Da tutte queste località emanano delle attrattive quasi irresistibili per l'uomo bianco che scende dal gelido Nord, o proviene dalle conurbazioni urbane dei paesi cosi detti civili. Qua si respira l'aria pura (eccetto ora a Nairobi) l'atmosfera della natura primitiva che comprende la gente di colore, gli animali selvaggi, le fitte foreste, le sconfinate brughiere e il clima generalmente mite tutto l'anno
Per i "costieri" l'attrazione dell'Oceano Indiano, con l'abbondanza di pesci d'alto mare, i nativi generalmente "amichevoli", il tenore di vita comunemente "allegro" è piú che sufficiente per giustificare e accettare la "sofferenza" del "Mal d'Africa"

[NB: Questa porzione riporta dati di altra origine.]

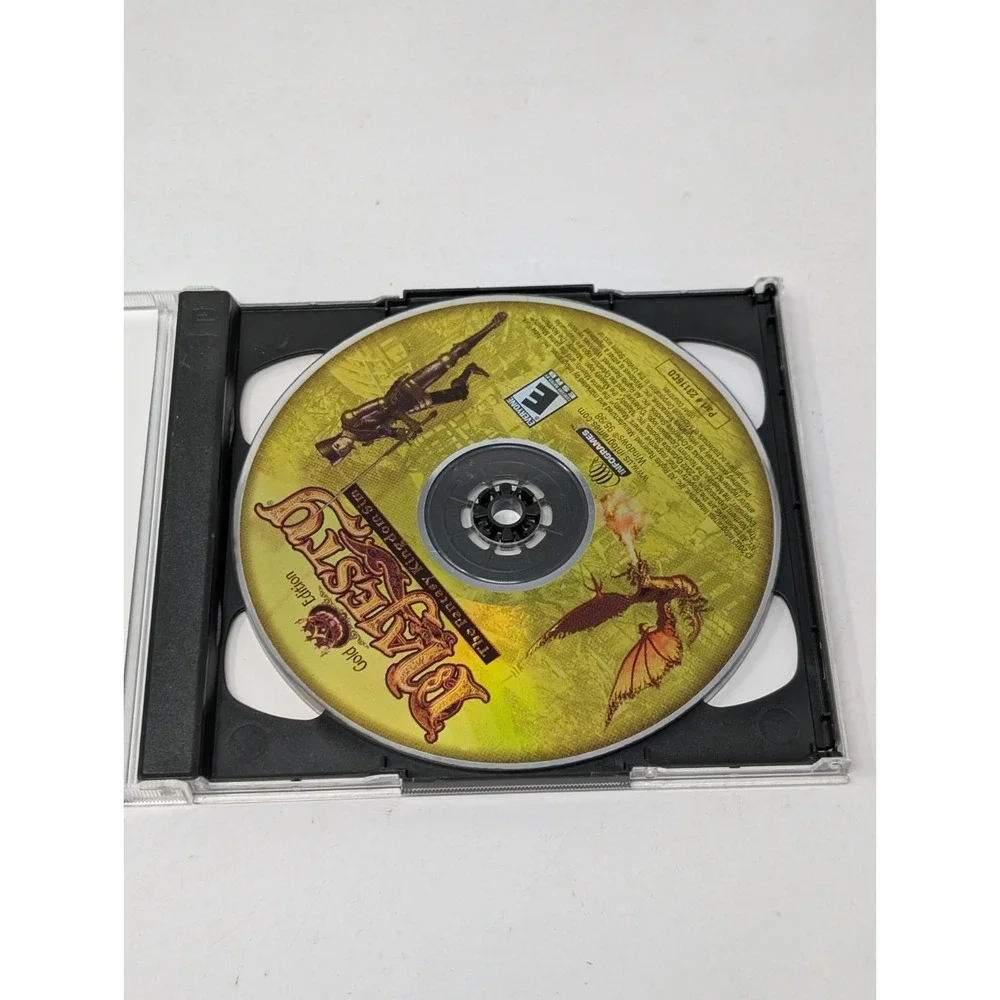 Arcanum Of Steamworks & Magick Obscura (PC, 2001, 2-Disc Set)‎ Tested
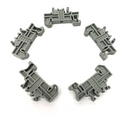 Phoenix Contact CLIPFIX 35 End Clamp Block 3022218 LOT OF 5 - Maverick Industrial Sales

Che questa "patologia" sia accettata piacevolmente n'è testimone, tra tanti altri, Aidan Hartely, corrispondente da Laikipia della rivista inglese The Spectator che recentemente commentava col titolo di un articolo "More Than Heaven" (piú che in paradiso) la vita sull'altipiano omonimo. Ai tempi della colonia era in voga la domanda: << Sei sposato o vivi in Kenya?>>
In gioventù un mio insegnante, ex missionario d'Africa, ogni tanto ci diceva: << l'Africa, o la bruci o ti brucia >> Purtroppo questa "godevole" malattia è stata scottante per tanti europei (e connazionali) tra i quali il missionario di cui sopra, rimpatriato dalle autorità religiose con la tonaca a brandelli. La maggioranza dei "malati" che non la reggono, appartengono ad una categoria che gli inglesi definiscono "innocents abroad" (innocenti all'estero).
Questi non solo si fanno ridurre a brandelli i pantaloni ma anche il portafoglio dalle "sirenette tropicali" seguaci della filosofia africana che dice:<< L'amore è un lusso della gente ricca che non possiamo permetterci. Per noi è sufficiente "mangiare" >> ( Kula mali ya muzungu) Buona convalescenza a tutti!